Aquí queda, sin embargo, abierta la cuestión que plantea la diferencia kantiana entre un objeto bello y una bella representación de un objeto, en la cual hay lugar también para lo feo. A este respecto las reflexiones aquí presentadas sólo pueden insinuar que ambas, aunque de manera diferente, se caracterizan por el establecimiento de una relación entre el sujeto y sus objetos en cuyo despliegue juegan la tensión y la complementariedad entre independencia y dependencia fáctica, entre autonomía y contingencia, tal que ninguno de estos extremos queda destruido por el otro.

Notas:

Cf. Rogerson, Kenneth F.: «The meaning of universal validity in Kant's Aesthetics», (1982), recompilado en: R.F. Chadwick y C. Cazeau (eds.): Inmanuel Kant. Critical Assessments, vol. IV, London, Routledge, 1992, pp. 309-319. Rogerson distingue la concepción de la expectativa de un efectivo acuerdo universal, de la concepción de un reclamo de acuerdo, y documenta minuciosamente la segunda versión en la CdJ.

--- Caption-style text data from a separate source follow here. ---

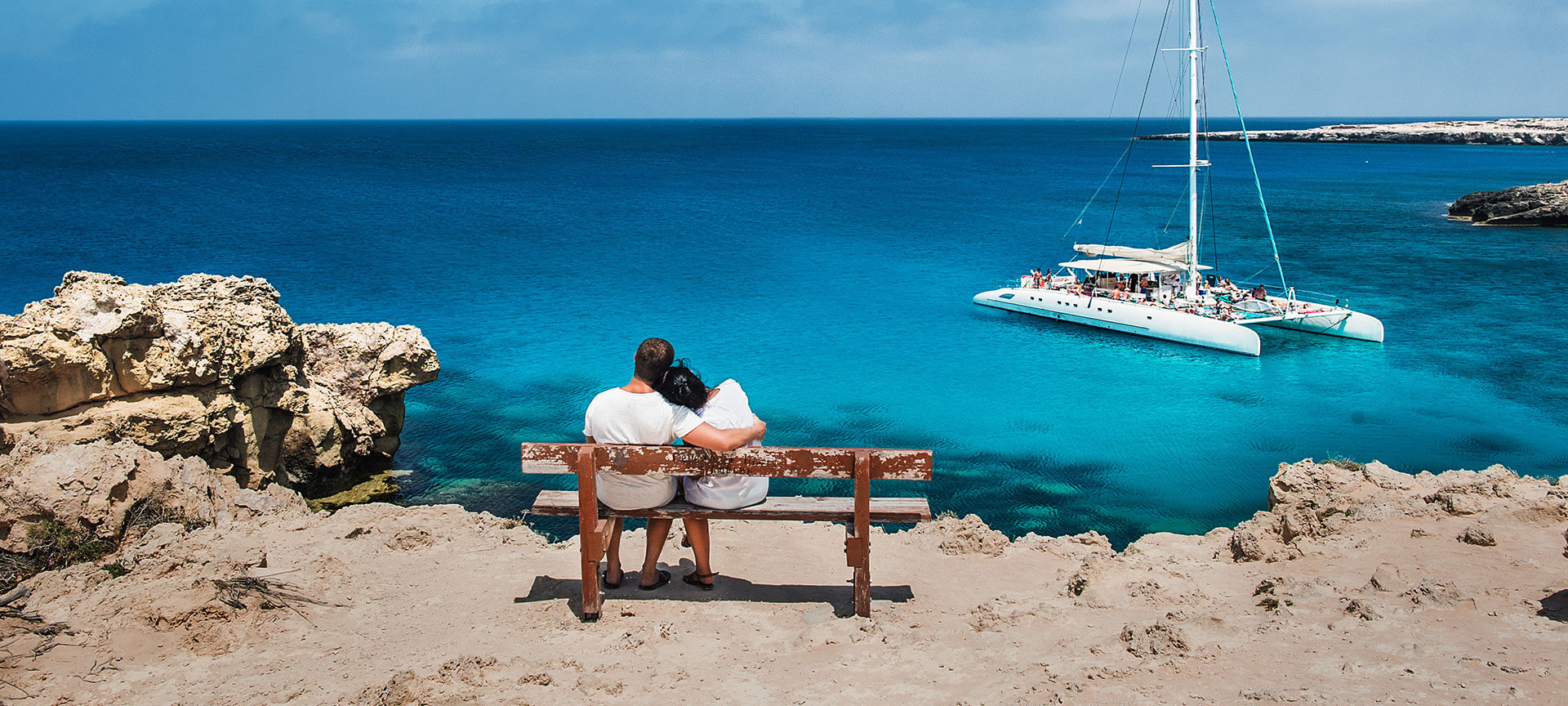 Couple gazing at the sea in the Balearic Islands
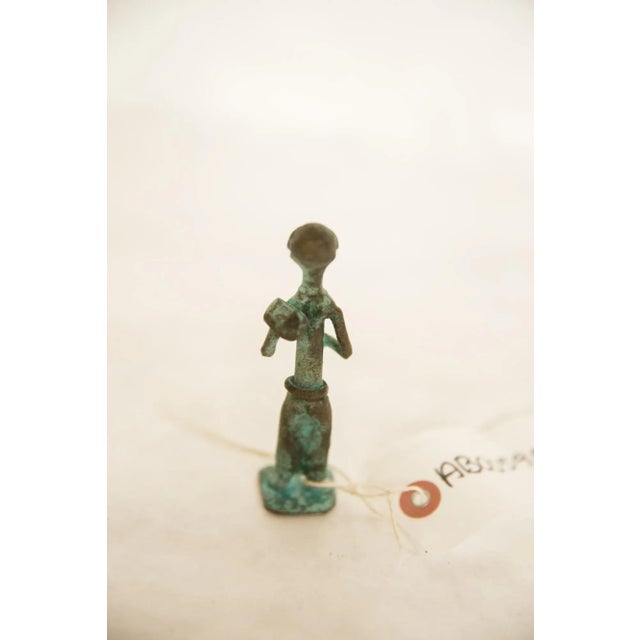 :: Vintage handmade African Oxidized Copper Male Farmer. Circa mid 20th century and possibly older, this piece has such...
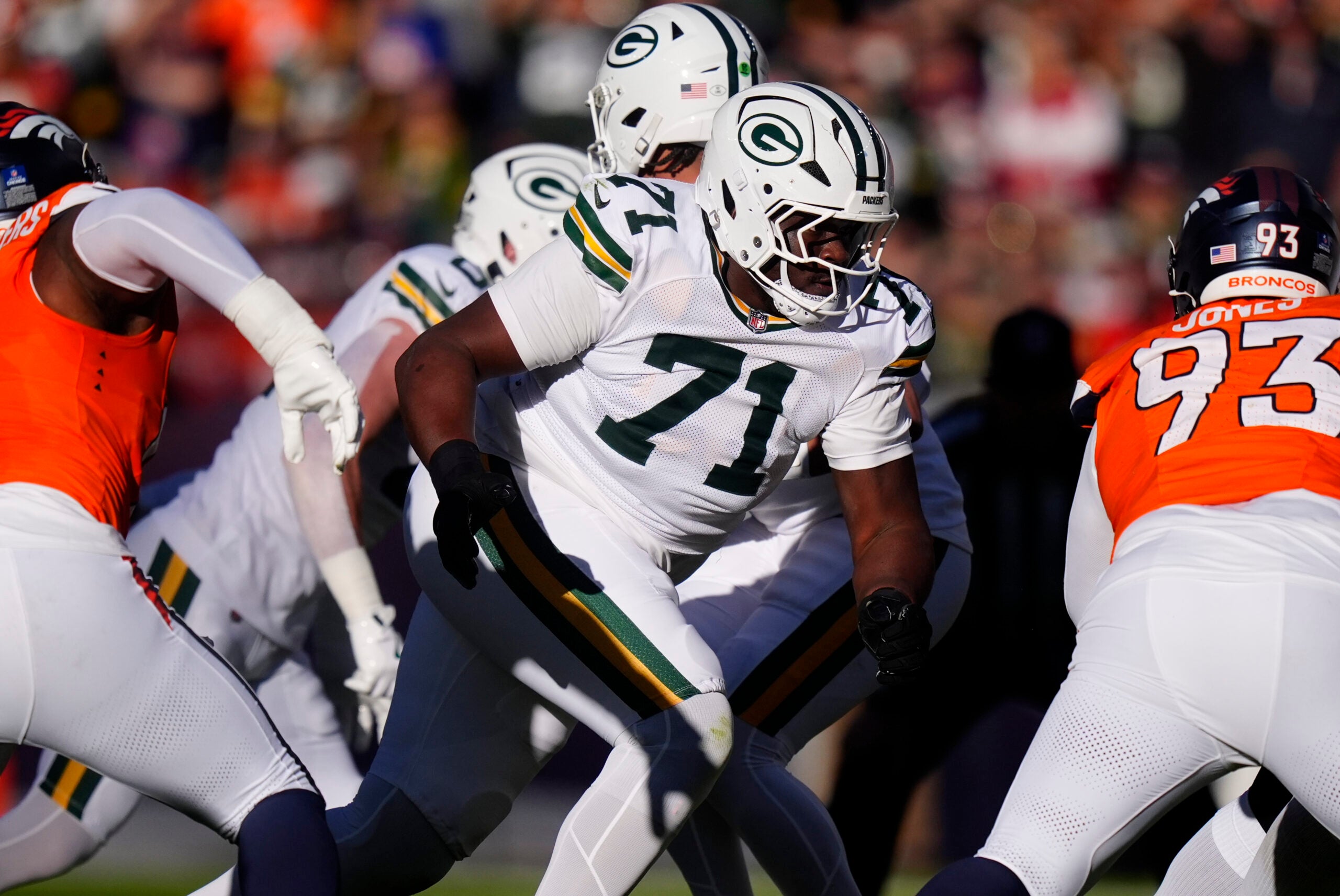 Dec 14, 2025; Denver, Colorado, USA; Green Bay Packers offensive tackle Anthony Belton (71) runs downfield during the first quarter against the Denver Broncos at Empower Field at Mile High.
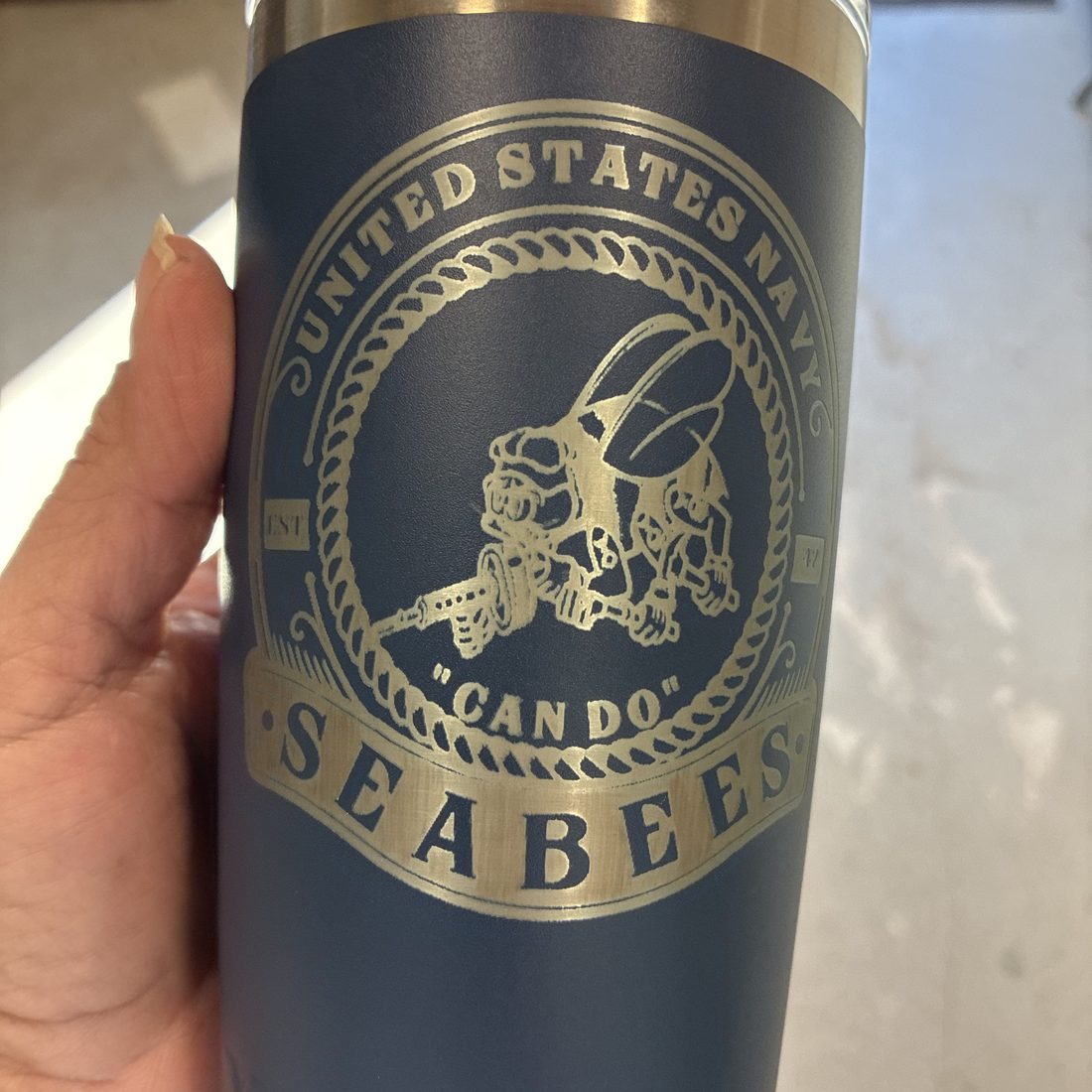 Navy insulated tumbler engraved with a United States Navy Seabees emblem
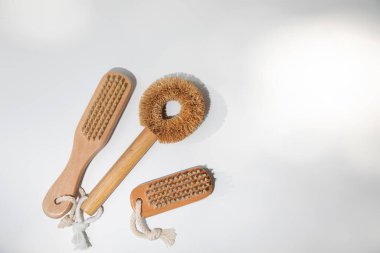 Eco brushes with wooden handles on a white background with shadows. Top view
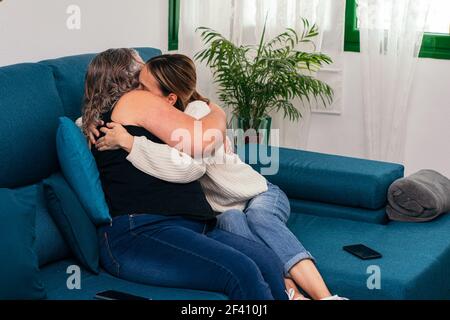 Ältere Mutter und junge Tochter kuscheln liebevoll auf dem Sofa Zu Hause Stockfoto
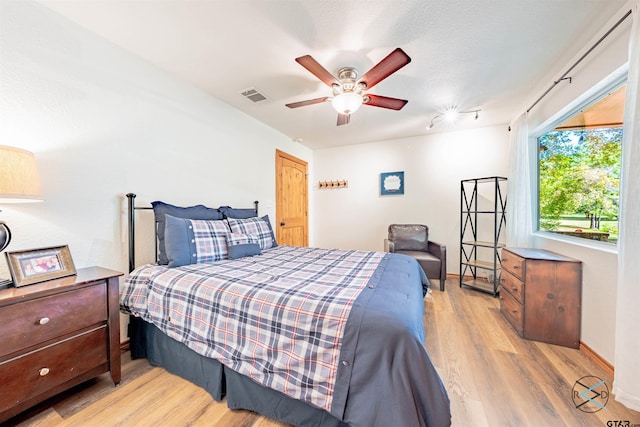 bedroom with ceiling fan and light hardwood / wood-style flooring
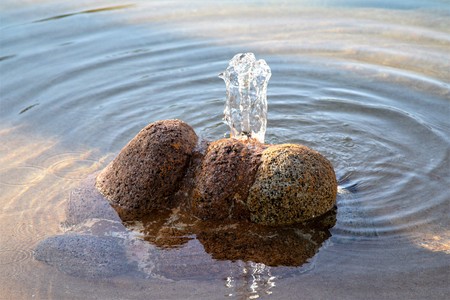 stone in water with a fountainの写真素材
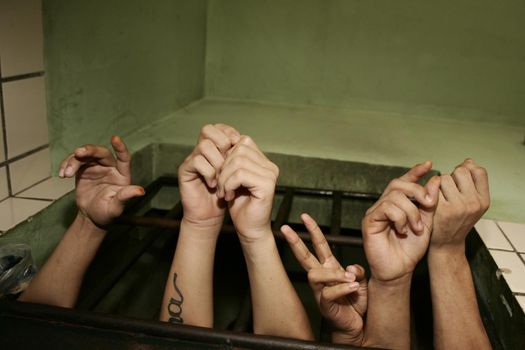 teixeira de freitas, bahia, brazil - august 4, 2009: juvenile offenders are seen in a cell in the prison complex in the city of Teira de Freitas.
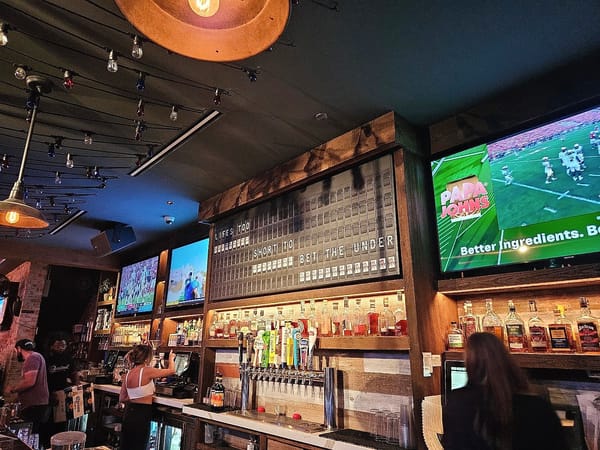 Bar area at Barstool River North with liquor bottles, beer taps, and TVs showing sports.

2 El aspecto subjetivo del pensamiento y del juicio en general fue destacado por David Bell en «The art of judgement» contenido en R. F Chadwick y C. Cazeau (eds.): op. cit., pp. 13-38.

3 Cf. Gotshalk, D.W.: «Form and expression in Kant's Aesthetics» (1968), ibid., pp. 147-157.

4 Cf. Parra, L.: ‹‹La obra de arte en la teoría estética de Kant» en: Sobrevilla, D. (comp.): Filosofía, política y estética en la Crítica del juicio de Kant. Lima, Goethe-Institut, 1991, pp. 235-253.

5 Cf. Shaper, E.: Studies in Kant's Aesthetics. Edinburg, Edinburg University Press, 1979.